Big Bang One Click Pink Sapphire Diamonds. Available through Hublot.

Founded in 1980, Hublot is recognizable even to those with limited watch knowledge. Perhaps you’re a soccer fan? Hublot is an official FIFA sponsor and has paid for prominent placement at the forefront of every World Cup since 2010. Or maybe you like fast cars? Hublot was at one point the official timekeeper for Formula 1 and sponsored the Ferrari team from 2011 to 2020. Besides its boldfaced tie to some of the world’s biggest sporting events, Hublot also made a name for itself by being the first watchmaker ever to pair gold with rubber, an ingenious and groundbreaking high/low marriage that only gained momentum as the brand’s leadership shifted in the early 2000s. When Hublot launched its first Big Bang in 2005 — of which this pretty pink sapphire version is a descendent — it checked all the boxes that characterized the decade: big, bold, and a little brash. To this day the Big Bang remains lusted over and riffed upon. If this is your cup of tea, go Big Bang or go home!

RM 65-01 Split Seconds Chronograph in Carbon TPT. Available through Richard Mille.

Richard Mille timepieces can be polarizing. To those not yet inducted into the arcana of haute horlogerie, their genre-bending designs often inspire confusion, while their sky-high price tags sometimes spark outrage. But to those in the know, Richard Mille and his eponymous watch brand are god-tier. Armed with decades of expertise in the worlds of jewelry and watchmaking, Mille established his firm in 1999 with the intention of challenging what makes a modern wristwatch. Significantly younger than its contemporaries — many of which were founded over a century ago — the brand didn’t début its first watch until 2001. Advertised as “a racing machine on the wrist,” the inaugural RM 001 Tourbillon was made with techniques and materials typically reserved for airplanes and Formula-1 vehicles. This itself would have been groundbreaking, but the asking price of 135,000 dollars — around twice what you would have paid for the next most comparable watch — took it right over the edge. With his bold approach, Mille definitively shook up the industry and continues to innovate with watches like the split-second chronograph shown here. Sometimes referred to as “the secret billionaire’s handshake,” endorsed by the likes of Frank Ocean and the Migos trio, Richard Mille is the epitome of “If you know, you know.”

Panthère.

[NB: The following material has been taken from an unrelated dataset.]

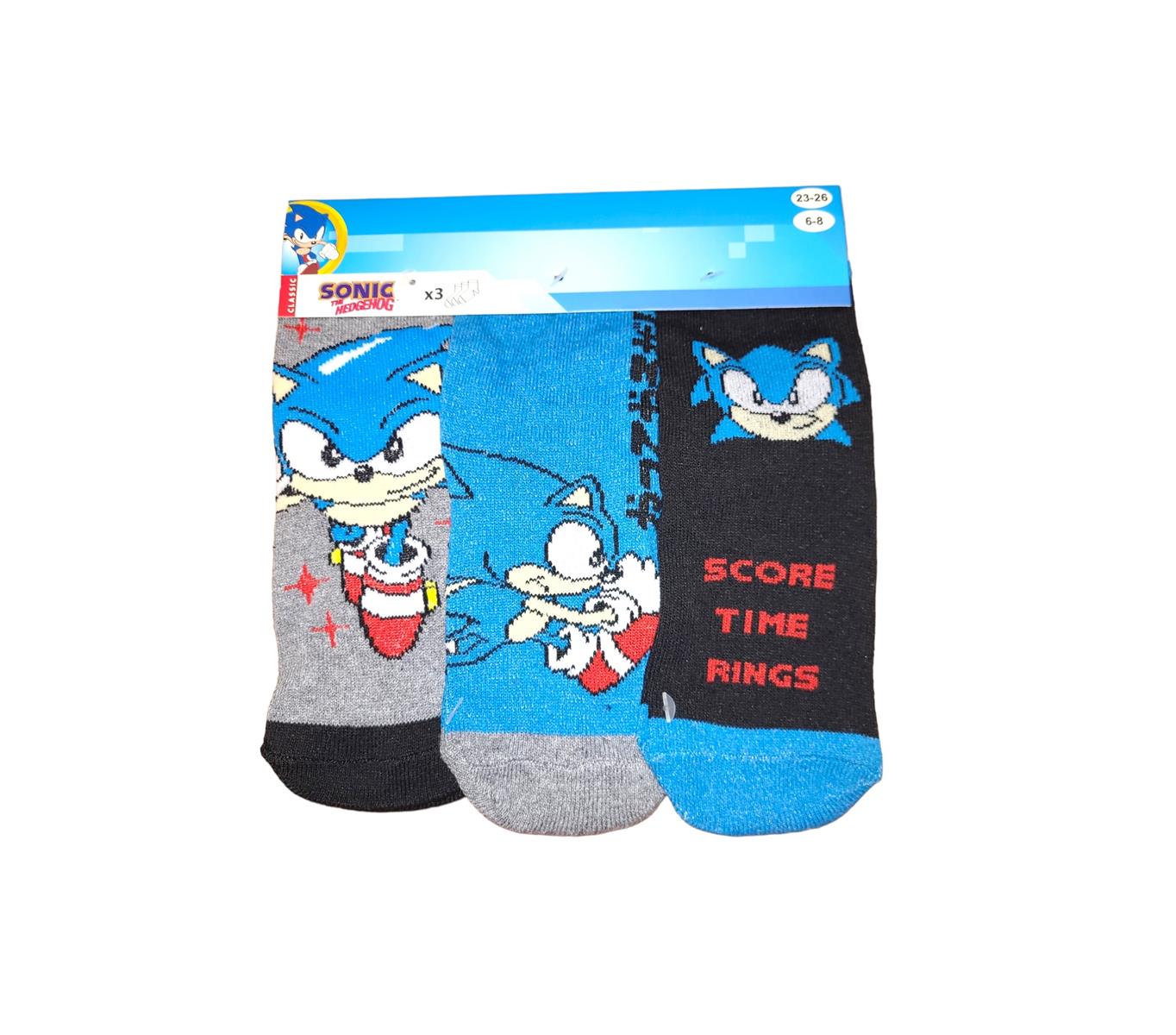 3 paar sokken Sonic the hedgehog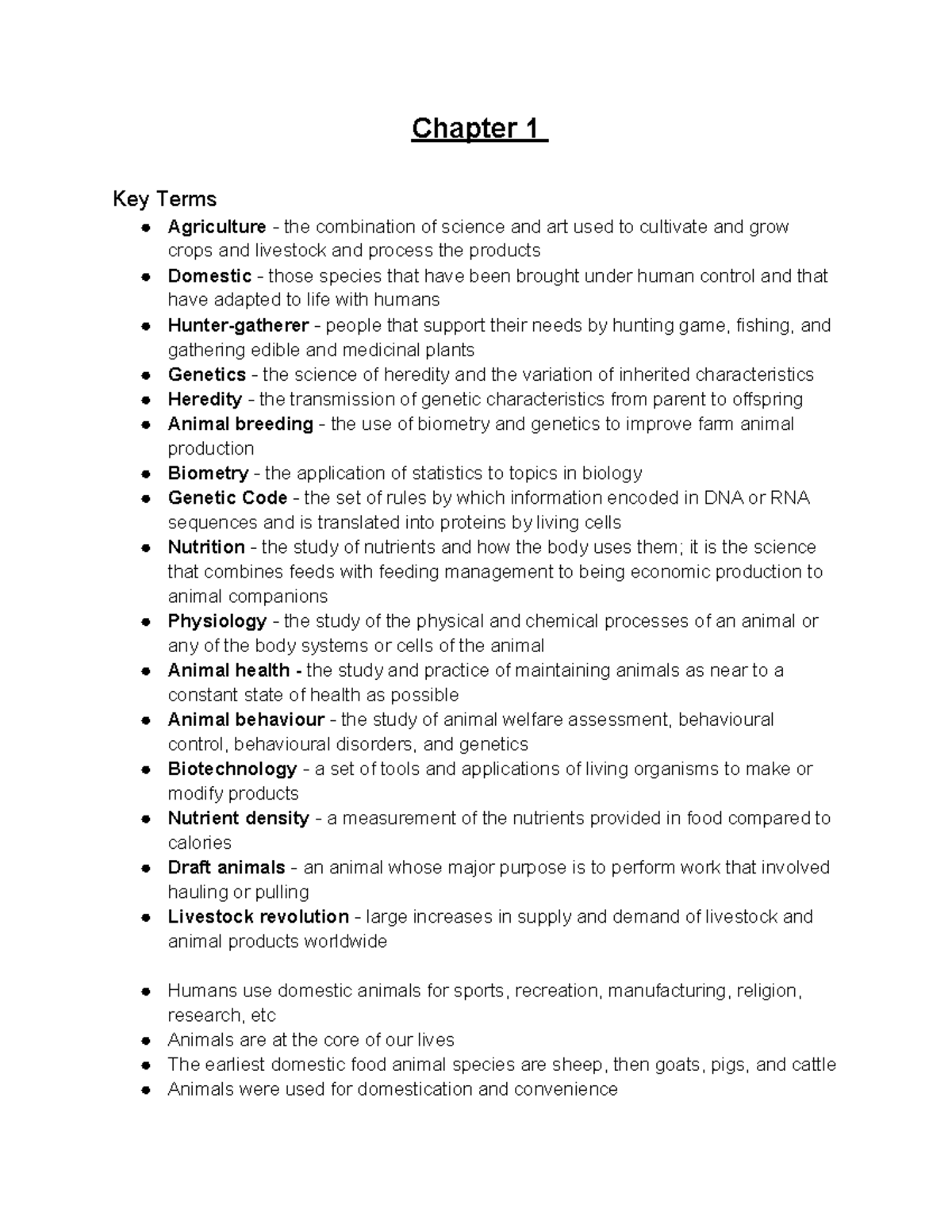 Introduction to Animal Science: Chapter 1 Key Terms - Studocu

Available through Cartier.

Colloquially referred to as the “it-girl watch,” this lusted-after timepiece derives its slinky shape from Cartier’s resident icon, the panther. Introducing the brand’s concept of a “jewelry watch,” the feline Panthère was initially more favored by men on its 1983 release, appearing on the wrists of jet-set it-boys like Pierce Brosnan and Keith Richards. Through the years the Panthère has maintained its popularity, thanks in no small part to all the details that keep Cartier lovers flocking to the brand: the black Roman numerals set around a railroad minute track, the sword-shaped blued-steel hands, and the winding crown set with a sapphire. Gwyneth Paltrow has worn hers since the 1990s, and depending how much time you spend on social media, you may also have noticed this 18-karat-gold watch on the wrists of fashion-week front-row fixtures like Bella Hadid and Dua Lipa. Minimalist but not over-serious, the Panthère is buoyed by an intrinsically fun spirit — like the most popular girl at the party, you just can’t help but be drawn to it.

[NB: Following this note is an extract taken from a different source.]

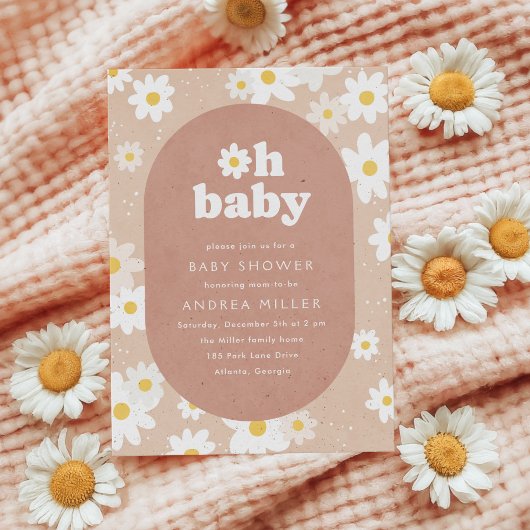 Invitation Baby shower de marguerites neutres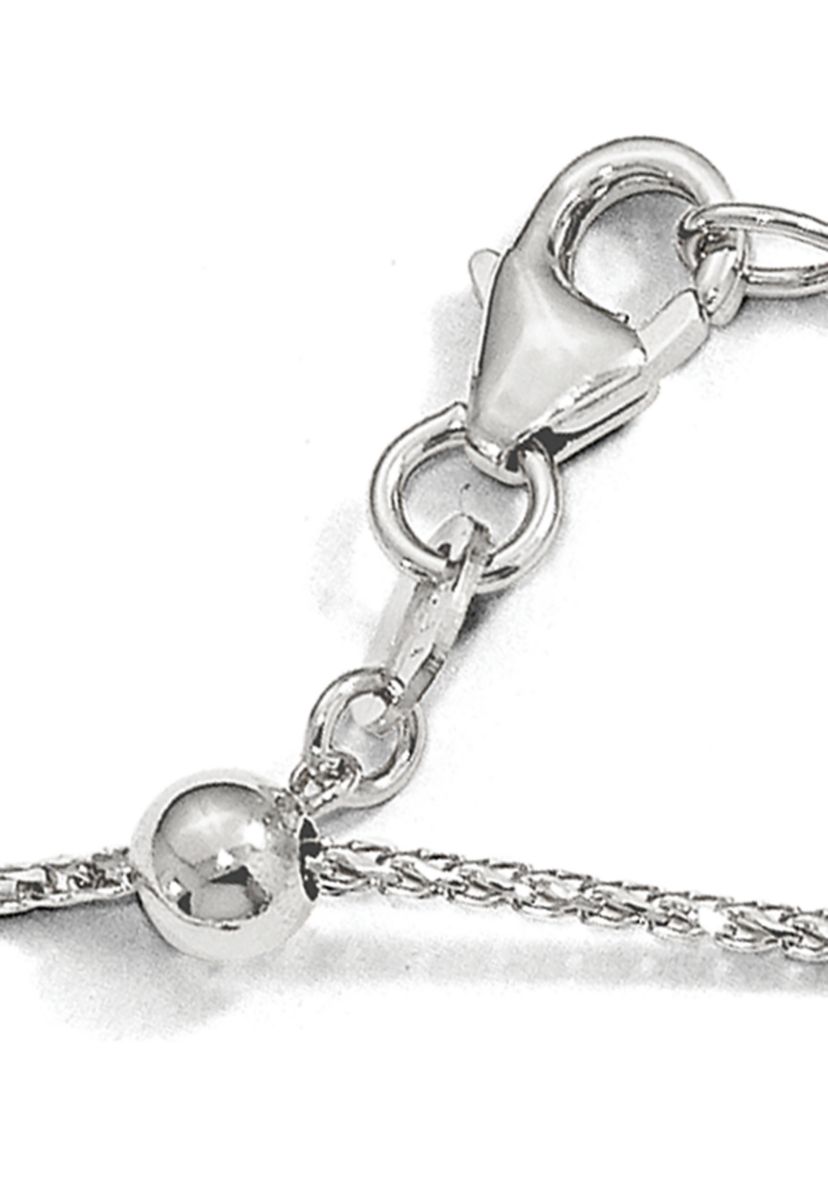 14K White Gold 1 Millimeter Diamond Cut Open Franco Adjustable Chain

Royal Oak Selfwinding Chronograph. Available through Audemars Piguet.

Name-dropped by rappers and finance bros alike, Audemars Piguet’s Royal Oak would have reached peak ubiquity were it not for its transcendent design. Brainchild of visionary Swiss watch master Gérald Genta, the Royal Oak débuted in 1972 at a time when mechanical watches appeared threatened by the advent of quartz. Rather than attempting to compete with the Casios of this world, Audemars Piguet doubled down in the opposite direction, presenting the Royal Oak as a luxury sports watch — something you don’t need but desperately want. Eschewing the round shape then traditional for sporty timepieces, Genta’s sharp-edged octagonal bezel (inspired by a deep-sea diver’s helmet), accented by eight visible octagonal screws, was fitted to an integrated bracelet that, contrary to its effortless look, is painstakingly difficult to construct. Advertised as “The costliest stainless-steel watch in the world,” the Royal Oak appealed to those yearning for irreverent, rule-breaking luxury, and remains covetable to this day.

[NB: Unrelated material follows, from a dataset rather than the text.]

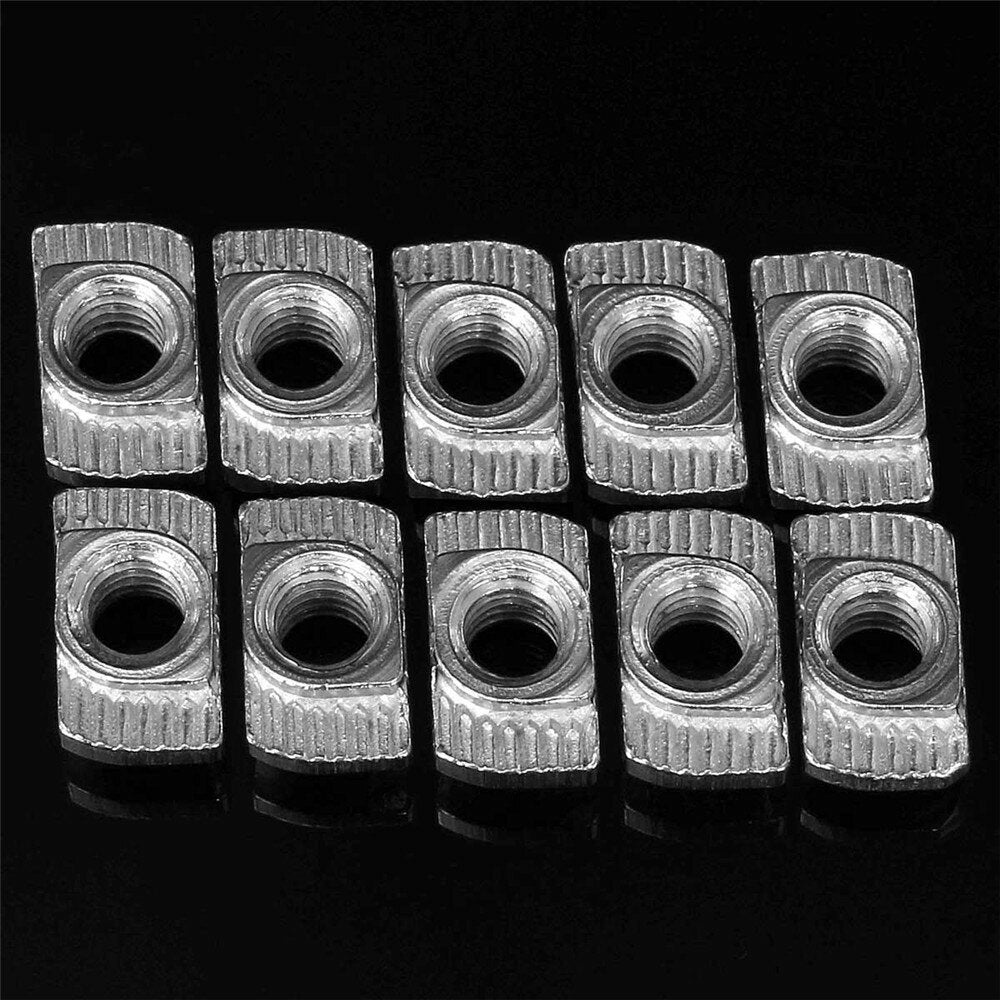 100pcs Hammer Nut Nickel Plated Carbon Steel Aluminum Connector T Fastener Sliding Nut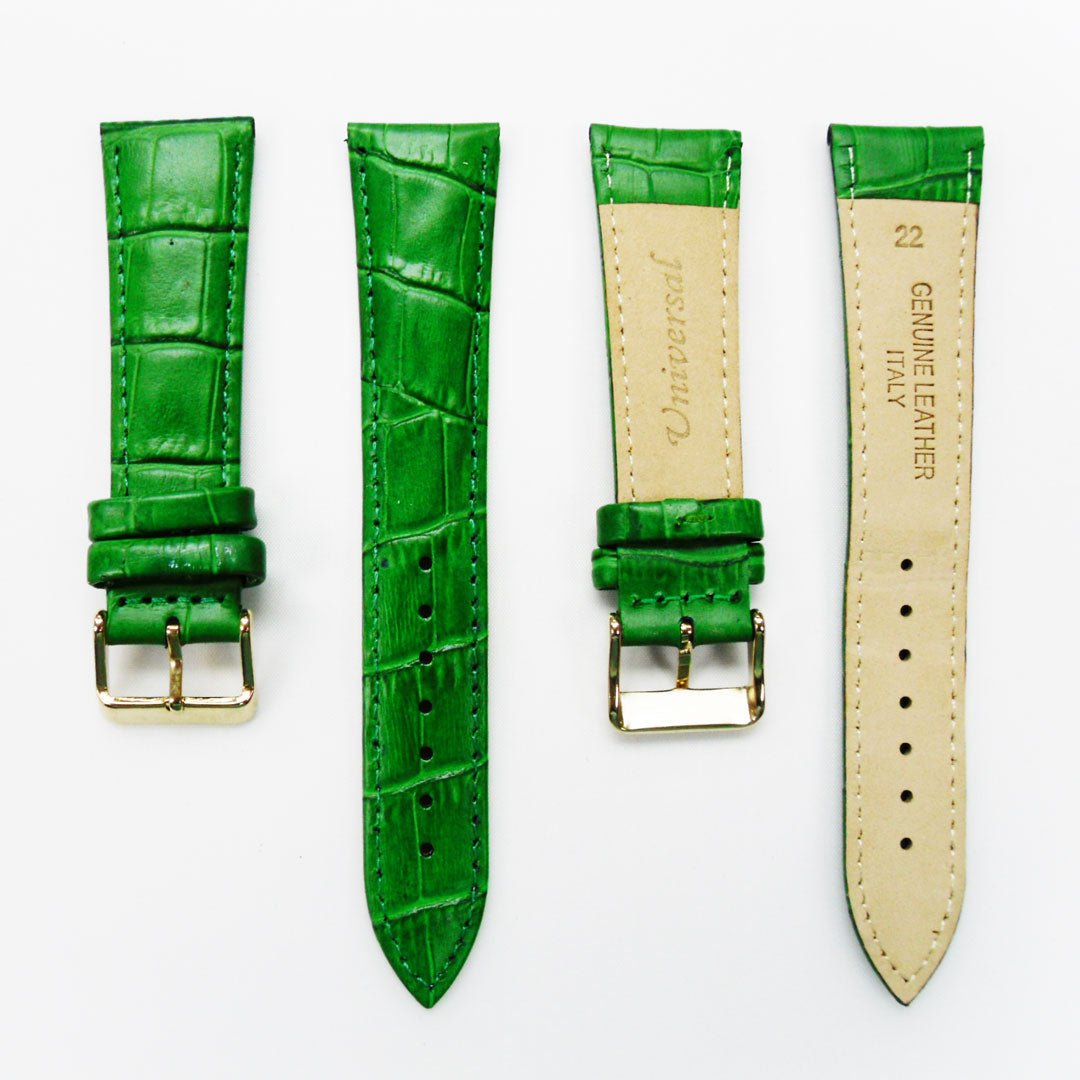 Genuine Leather Watch Band, Green Alligator Straps, Padded, Green Stitches, 22MM and 20MM, Regular Size, Stainless Steel Silver and Gold Buckle - Universal Jewelers & Watch Tools Inc.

Atlas. Available through Tiffany & Co.

Audrey Hepburn’s breakfast fantasy, engagement rings, and Elsa Peretti’s silver bone cuffs may be the first things that come to mind when thinking of the American brand Tiffany & Co. But the company, which maintains its famous flagship on Fifth Avenue, has significantly impacted the watch world over the years. Any luxury timepiece dial graced with Tiffany’s perfect shade of robin-egg blue wins over watch collectors and fetches insanely high prices on the secondary market — the Nautilus 5711 Tiffany released in a limited edition of 175 with Patek Philippe in 2021 is a perfect example, since just a week after it dropped Phillips New York auctioned one for an eye-watering 6.5 million dollars. From there the frenzy spread, with Rolex releasing an Oyster Perpetual in a similar shade, and other brands quickly jumping on the Tiffany-blue bandwagon. With Tiffany’s Atlas, you have the real thing, straight from the source.